Re: Languages supported by UTF8 and UTF16

From: Jukka K. Korpela (jkorpela@cs.tut.fi)
Date: Sat Sep 10 2005 - 17:40:50 CDT

  • Next message: Anto'nio Martins-Tuva'lkin: "Re: Languages supported by UTF8 and UTF16"

    On Sat, 10 Sep 2005, Mark Davis wrote:

    > Beyond that, there are problems in your formulation.

    Certainly. It was just an initial attempt to list down some issues, in
    order to find a useful answer to the question "what languages does Unicode
    support". I'm assuming that the question is relatively frequent. It's
    important at least indirectly: there are many short descriptions of
    Unicode that make the unqualified, unrestricted claim that Unicode
    supports all languages, or something similar.

    >> All living languages, and many dead languages, can be written in their
    >> normal writing system(s) using Unicode characters.
    >
    > 1. It is not true of "all living languages"; there are some minority
    > languages that need additional characters.

    My tentative answer was much simplified, and it plays with the word
    "normal". What worries me is how this thing could be expressed so the
    common man, or maybe even a pointy-haired boss, would get roughly the
    right idea. "All living languages" is too much, and "Almost all living
    languages" is rather vague. "Minority language" means here probably much
    smaller than the average man thinks.

    >> However, some
    >> of their characters cannot be represented as single Unicode characters
    >> but as combinations.
    >
    > 3. The 'however' is misleading. It is not a deficiency that some of what
    > users may perceive of as separate characters are encoded by sequences.

    I know it can be misleading, but if we just say that Unicode provides a
    unique number for every character, it's misleading, too. And even
    incorrect. ( http://www.unicode.org/standard/WhatIsUnicode.html )

    After one gets acquainted with Unicode, it probably comes as a surprise to
    most people that some characters (using a person's intuitive
    understanding of "character") cannot, after all, be represented
    using a single Unicode code point.

    As a thought experiment, let us suppose that the letter "w" had not been
    included into ASCII or other character codes but written as "vv", and that
    Unicode had not changed this. When people would then ask for "w", the
    answer would be that it is just a typographic variant of "vv", a ligature
    (as it historically is, in fact). Maybe after quite some debate we would
    then be told to use the combination of three Unicode characters,
    "v", word joiner, and "v". Could we then _really_ say that Unicode
    supports the English alphabet, for example, and a separate code point is
    not needed for "w"?

    Unicode contains _most_ accented letters used in human languages
    as precomposed characters, but not all. There's a clear distinction here.
    I'm not questioning the policy decision that effectively freezes the set
    of such precomposed characters. What I'm saying is that we should admit
    that it implies differences on how languages are supported.

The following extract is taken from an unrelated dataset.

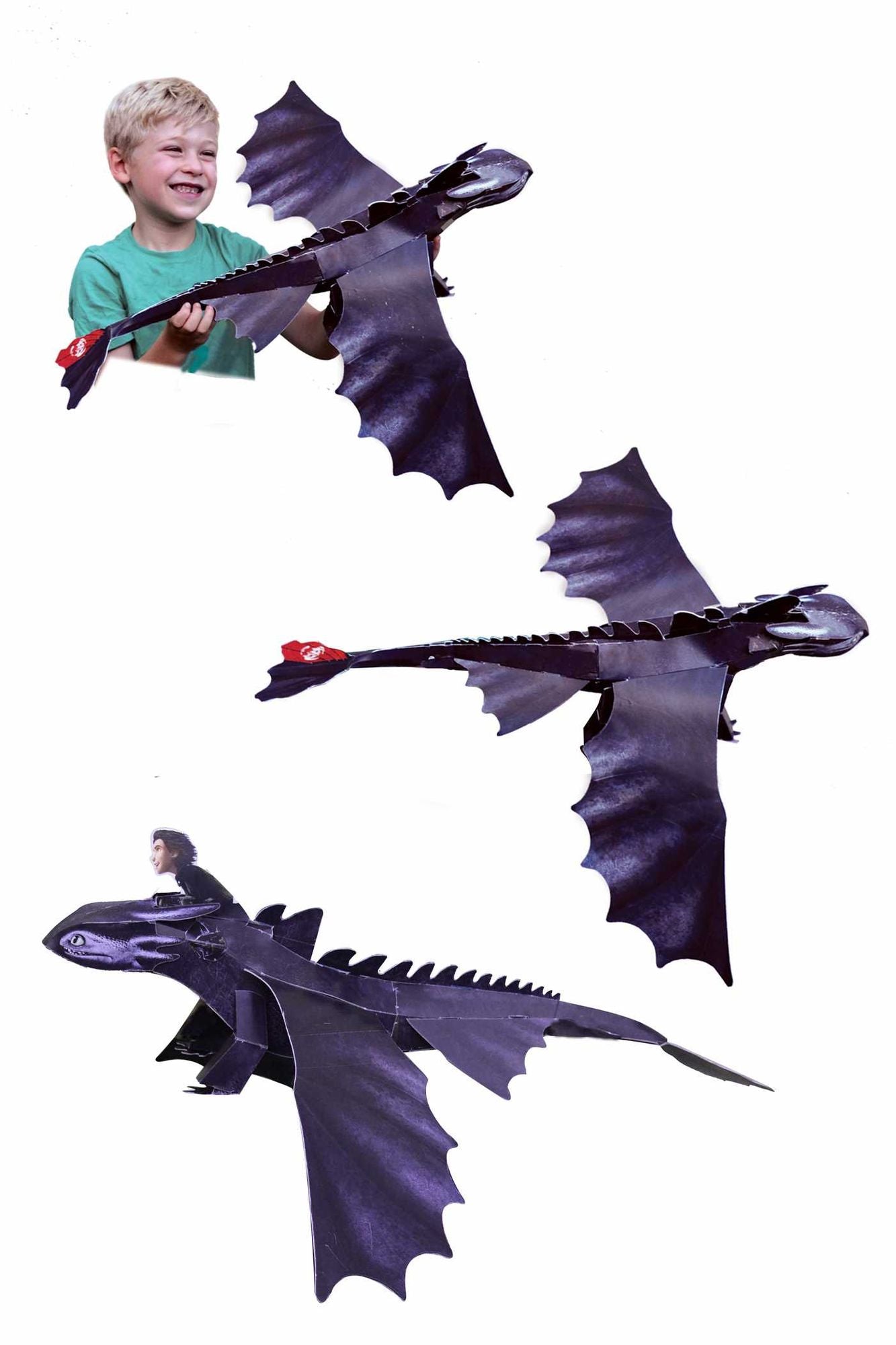 Dreamworks Dragons: A Tale of Two Dragons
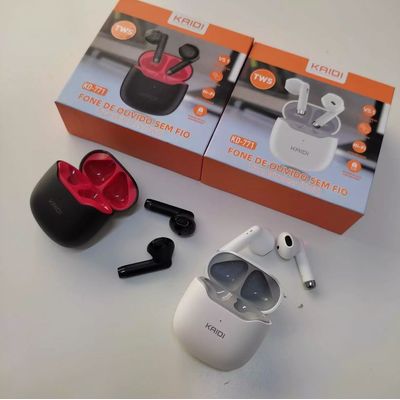 Fone de Ouvido Bluetooth Kaidi KD771 Original - Preto DS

    >> Some orthographic and typographic constructs, which
    >> could in principle be expressed in plain text, cannot be expressed
    >> in Unicode.
    >
    > 4. Also not a deficiency. If Unicode attempted to encode all typographic
    > constructs, it would be a horrible mess. It provides a foundation for other
    > mechanisms (CSS, etc) to build upon; they can provide typographical
    > constructs. And by 'orthographic constructs', you'd have to provide examples
    > of what you mean.

    Here, too, my text was supposed to address people's intuitive expectations
    rather than take a position on what should or should not be encoded in
    Unicode. For example, since the acute accent used in French, the accent
    used in Polish, and the tonos in Greek normally look different from each
    other, it is natural to expect that they are treated as different marks.
    Unicode may have made the right choice in unifying all of them to acute
    accent, but it still means that a difference that could have been - and
    should have been made in some people's opinion - made in plain text cannot
    be made in Unicode. If someone says that Unicode does not support Polish
    because Unicode does not recognize the Polish accent mark as distinct from
    the French mark, he might well be wrong by some criteria; but it's still
    an opinion that people have and that is ultimately not a completely
    objective matter.

    >> Some of the properties of characters as defined by the
    >> Unicode Standard do not correspond to their behavior in different
    >> languages.
    >
    > 5. Again, you'd have to provide examples to clarify what you mean.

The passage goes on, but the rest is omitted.